The annual GP patient survey carried out by the NHS and pollsters Ipsos Mori reported a string of positive findings for the profession. The key findings include:
- 83.8% of patients described the overall experience of their GP surgery as good.
- 93.5% of patients felt involved in decisions about their care and treatment.
- 87.4% felt their healthcare professional was good at treating them.
- 95.6% had confidence and trust in their GP.
- 94.8% felt their health professional met their needs.
In June this year, GPC chair Dr Richard Vautrey told the BMA's annual conference that general practice was 'at serious risk of collapse' amid rising workload pressure, record numbers of practice closures and soaring workload.
However, despite extreme pressure nine out of 10 GP practices are rated good or outstanding by the CQC, and the latest national patient survey provides further evidence that practices are maintaining strong performance overall.
NHS England says the 2018 survey findings cannot be compared with previous years because of changes in methodology and the inclusion of 16- and 17-year-old patients for the first time. Data from more than 760,000 patients fed into the findings.

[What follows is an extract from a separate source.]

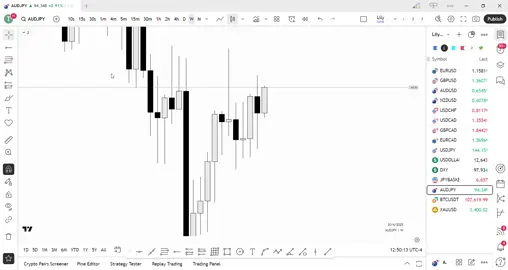 How to combine MSNR & SMC together following Timeframe Alignment.  PAIR: AUDJPY  WEEKLY TIMEFRAME @SAM📈💜 @𝗖𝗛𝗔𝗥𝗟𝗜𝗘 @MARKETMIND @𝓐𝓫𝓭𝓾𝓵 @𝙻𝙸𝚀𝚂𝚃𝚁𝙵𝚇 🦇 @THE LQD ALCHEMIST🔮  #msnr #alchemist #smc #viral_video #fyp #fyppp #tradingvideo #forexsetup #learnforex 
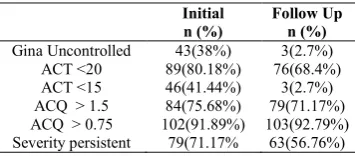 Table 4 Number of Patients in each scales Using Different Cut off Values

Acting director of primary care for NHS England Dr Nikita Kanani said: 'General practice is the foundation of the NHS and this survey shows patients appreciate the fantastic job GPs and the wider primary care work force are doing in times of real pressure, helping more people living with increasingly complex conditions.
Primary care funding
'We are already putting record funding into primary care after years of underinvestment, with an additional £2.4bn every year by 2020 to help drive improvements in care, including widening access with more GPs are in training than ever before - a record 3,157 began their studies last year. As we develop a long-term plan for the NHS, we will look to further build on these successes and this critical foundation.'
The survey also found that 68.6% of patients rated their overall experience of making an appointment as good, while two thirds of patients who wanted a same-day appointment were able to secure one.
Half of patients who have a preferred GP are able to see that GP 'a lot of the time, almost always or always', and 68.7% of patients said their experience of general practice was good when their practice was closed.
Around 62% of patients were offered an appointment at the time they wanted or sooner, and seven in 10 say it is very or fairly easy to get through to their GP surgery by telephone.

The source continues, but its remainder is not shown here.